Heres another one we did recently. New build. We did everything but the ceilings and the staircase was stained by the builder. The client went nuts on the feature walls. 12 colours were used. Three separate colours in some rooms. As per clients request we used Ben Egg-Shell on walls and Ben Semi-gloss on the trim. In the photo of the living room you can see some water damage on the ceiling. The builder didn't plumb the master bedroom bathroom properly. Client uses the toilet up there the first morning and when he flushed water ended up running through the walls and across the downstairs ceiling. Quality. Ill upload the second set momentarily.....


----------



## Paint Pro CA (Jun 17, 2014)

Second set....


----------



## Jmayspaint (Mar 26, 2013)

Crisp lines!

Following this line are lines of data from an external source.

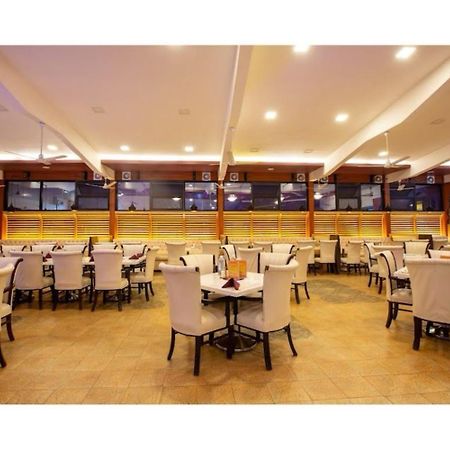The Grand Krishna Luxury Hotel, Chikmagalūr Exterior foto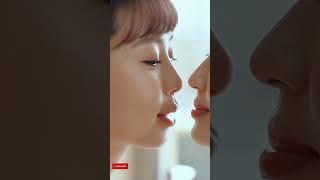 Japanese lesbian kissing video | lesbian kiss | lesbian | kiss #japanese #lesbian #kissing #video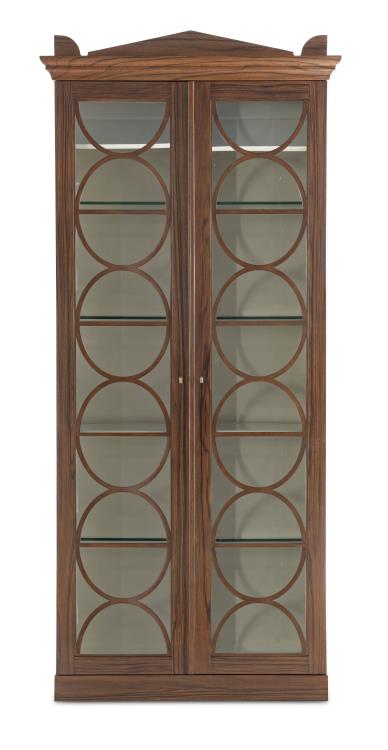 Esme Curio – Cabinets by Maitland-Smith | Sutter & Vale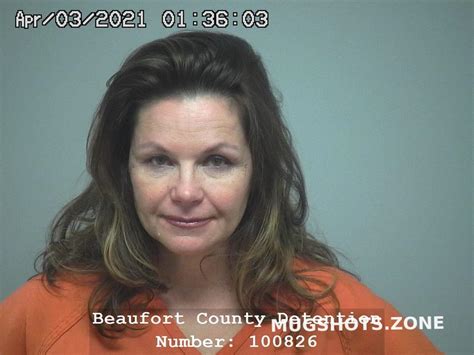 Denise Lynn Black Beaufort County Mugshots Zone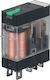Elmark El14fls Industrial Relay 57102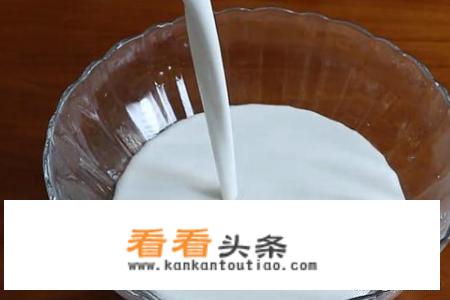 家常大米糕的做法？
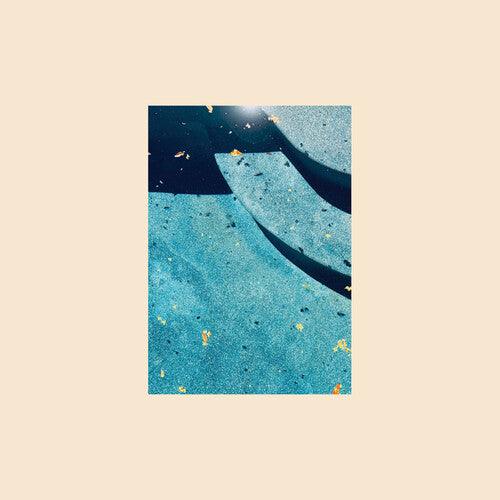 Glass Narcissus ( Vinyl )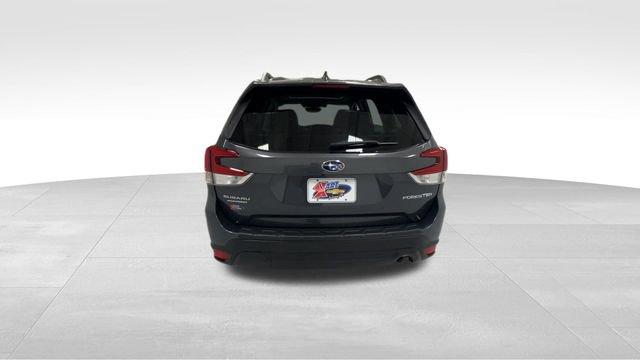 used 2021 Subaru Forester car, priced at $25,985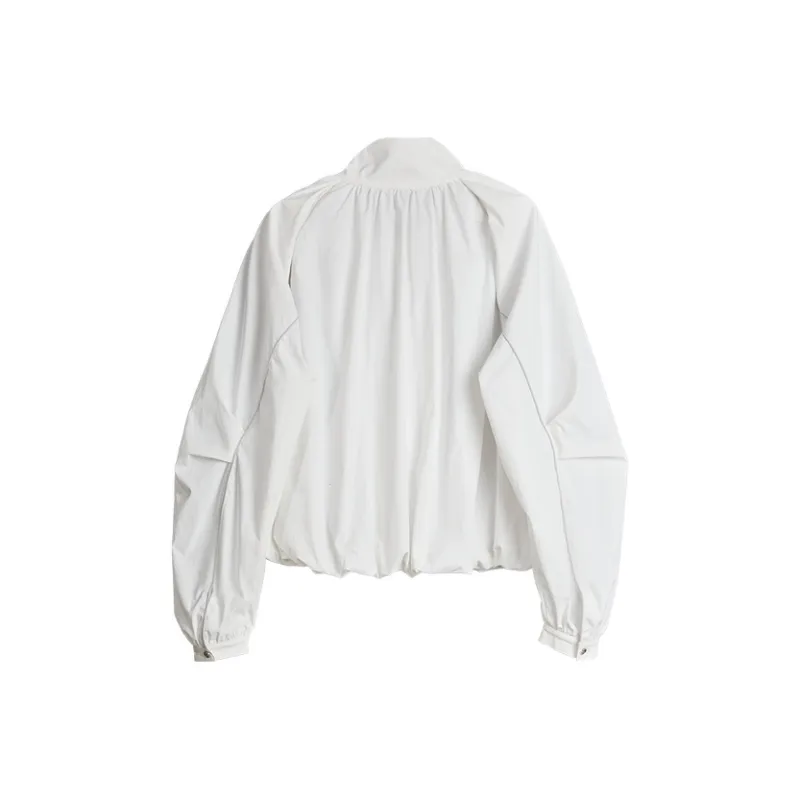 ELLE Sun Protection Clothing Women's White-1
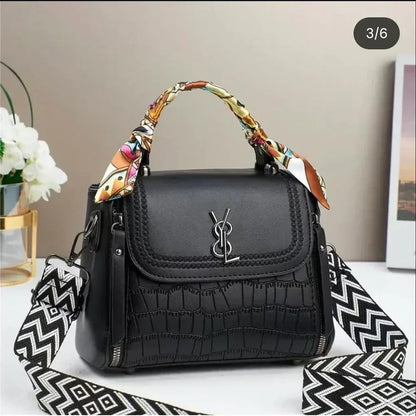 Eva Crossbody - Bagsberry.pk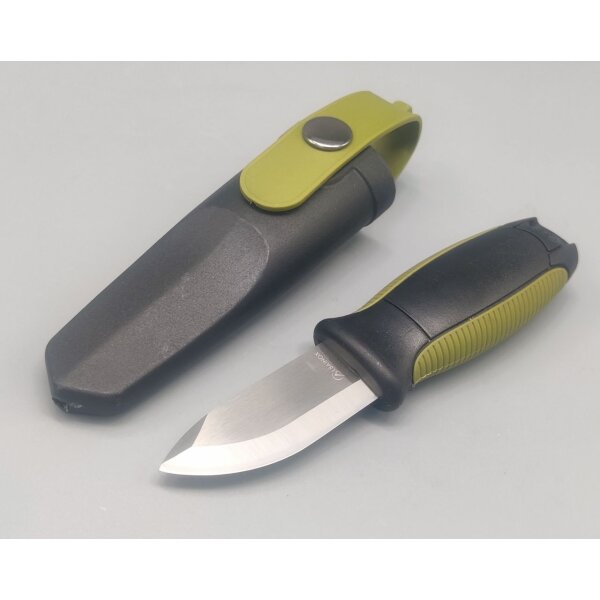 Albainox Mini Sporting Knife EDC Outdoormesser 3Cr13MoV Stahl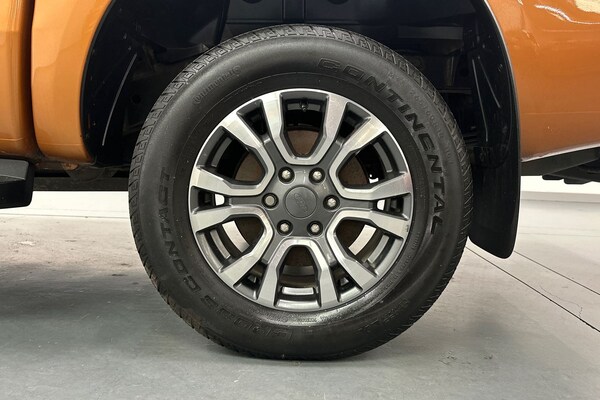 Used Ford Ranger 2022 for sale - 74261809: Photo 42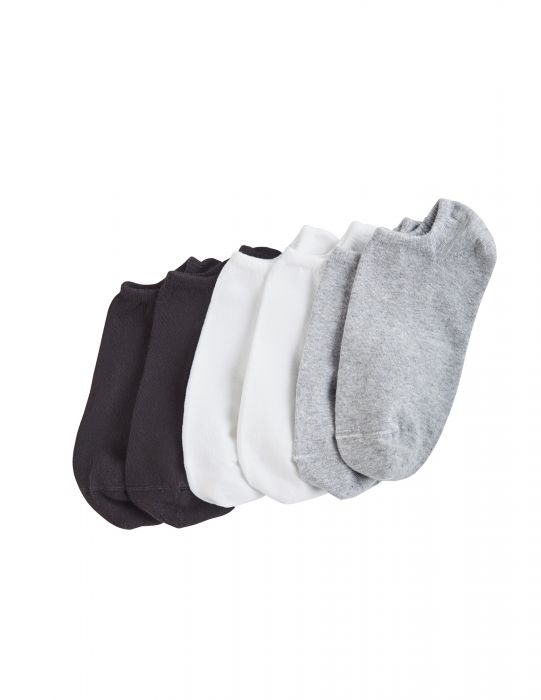 Hue COTTON LINER SPORTS PACK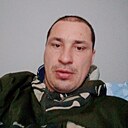Сергей Сергей, 35 лет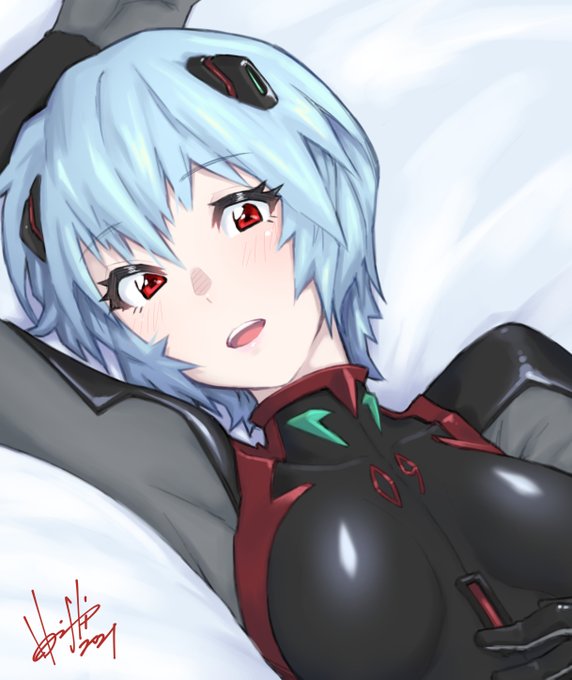 #見た人も無言で黒い何かを上げる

Nice.


----------



## daArch (Mar 15, 2008)

someone should introduce tke HO to wallpaper.

Harmonious color diversity PLUS pattern and design.


----------



## harmonicarocks (Nov 29, 2013)

Went through a few roller covers on that one, eh?


----------



## Painter-Aaron (Jan 17, 2013)

Let me guess. She said it would only be a couple colours with one or two accent walls when you looked at it? :whistling:


----------



## Paint Pro CA (Jun 17, 2014)

A bunch of covers and tray liners. Actually the HO is a single father with two young kids. Had just gotten divorced so he wanted to do something fun in their rooms and bathroom. They picked the colours. Cool dad.


----------